1837年、ゴッサムのメンバーの一人であるウィリアム・ウィートン (英語版 ) は、この球技をより複雑にし、大人でも楽しめるようにするためのルールを策定した。1842年、カートライトはゴッサムから脱退したメンバーによるニッカーボッカー・ベースボール・クラブ の設立を主導した。このクラブ名は、カートライトが所属する消防団の名前からつけられたものである。
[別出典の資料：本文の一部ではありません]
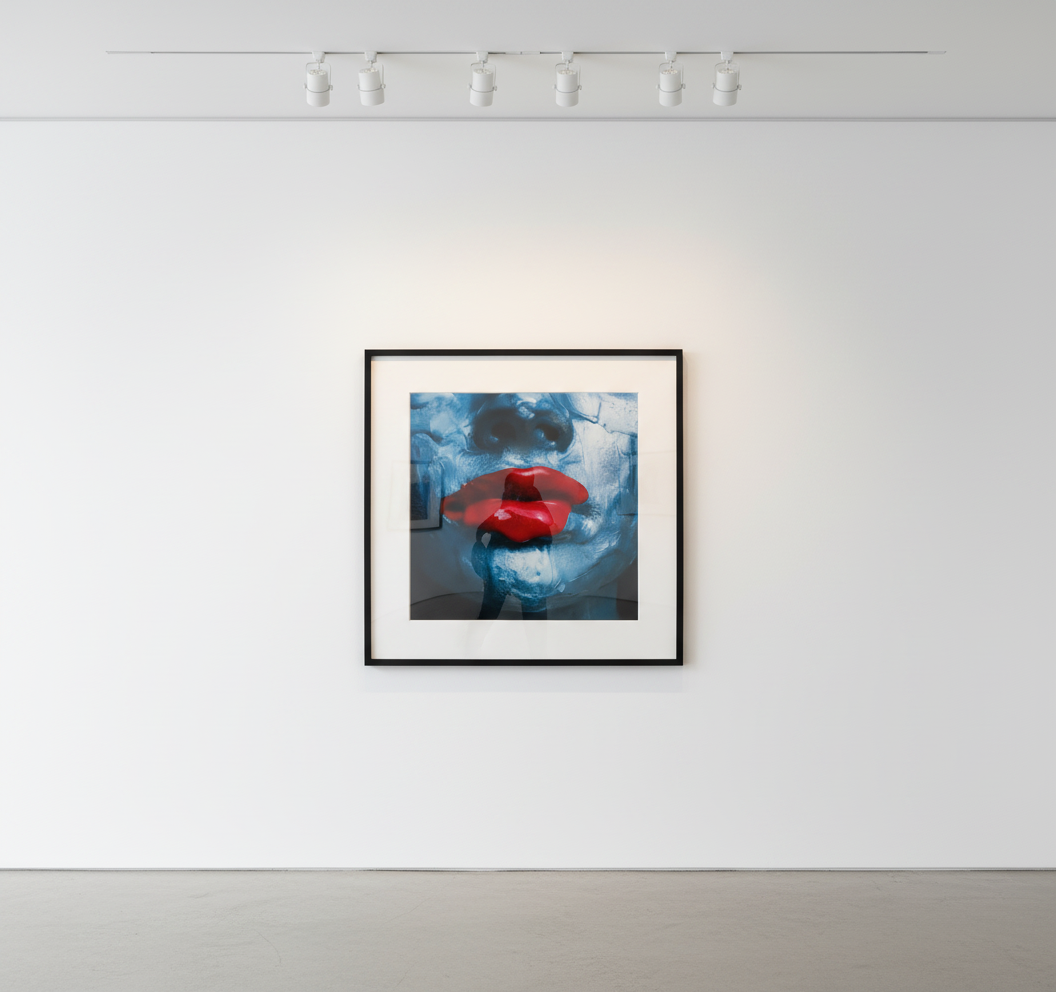 Tyler Shields - Red Lips, 2018, Dye Transfer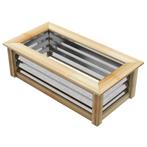 TRUUSK Verhoogd Bloembed van Metaal en Houten Frame - Voor T, Verzenden, Nieuw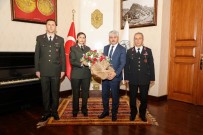 RAHMI DOĞAN - Jandarma'dan Vali Doğan'a Ziyaret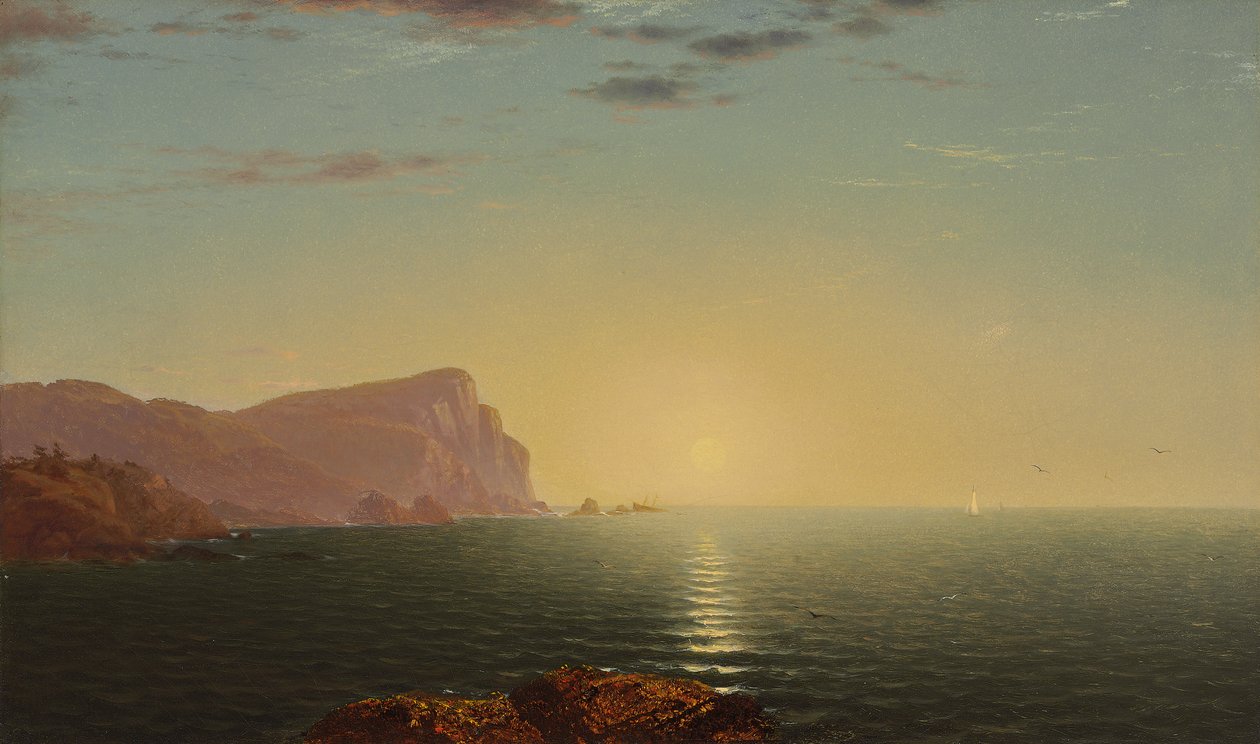 Nascer do sol de Nova Inglaterra, c.1863 de John Frederick Kensett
1845年、ウィートンらニッカーボッカークラブの委員会は、ゴッサムのルールをベースにした新しいルール(いわゆるニッカーボッカー・ルール (英語版 ) )を策定した。主な改訂点は、ファウルゾーンの導入、走者にボールを当ててアウトにする行為の禁止などである[ 11] 。このルール策定にカートライトは参加していない。しかし、クラブのオーナーであったカートライトが制定したものと誤って認識され、また、塁を等間隔に置くこと、打者1人につき三振でアウトになること、1チーム9人とすることなどもカートライトが決めたものとされていた[ 12] 。しかし、現代の研究では、ニッカーボッカー・ルールの独自性は疑問視されている。ニッカーボッカークラブ以前のニューヨークのベースボールクラブに関する情報、特に1837年にウィートンが制定したゴッサムクラブのルールの存在が明らかになったためである。野球史研究家のジェフリー・キッテルは、ニッカーボッカー・ルールは、(3アウトで1イニング とするルールを除いて)いずれも独自のものではないと結論付けている[ 13] 。MLBの公認歴史研究家ジョン・ソーン (英語版 ) は、「野球殿堂に飾られている(カートライトの)銘板の内容は全てが誤りである。アレックス・カートライトはベースラインを90フィートに設定したり、1チーム9人にしたり、1試合を9イニングにしたりはしていない」と書いている[ 14] [ 注釈 1] 。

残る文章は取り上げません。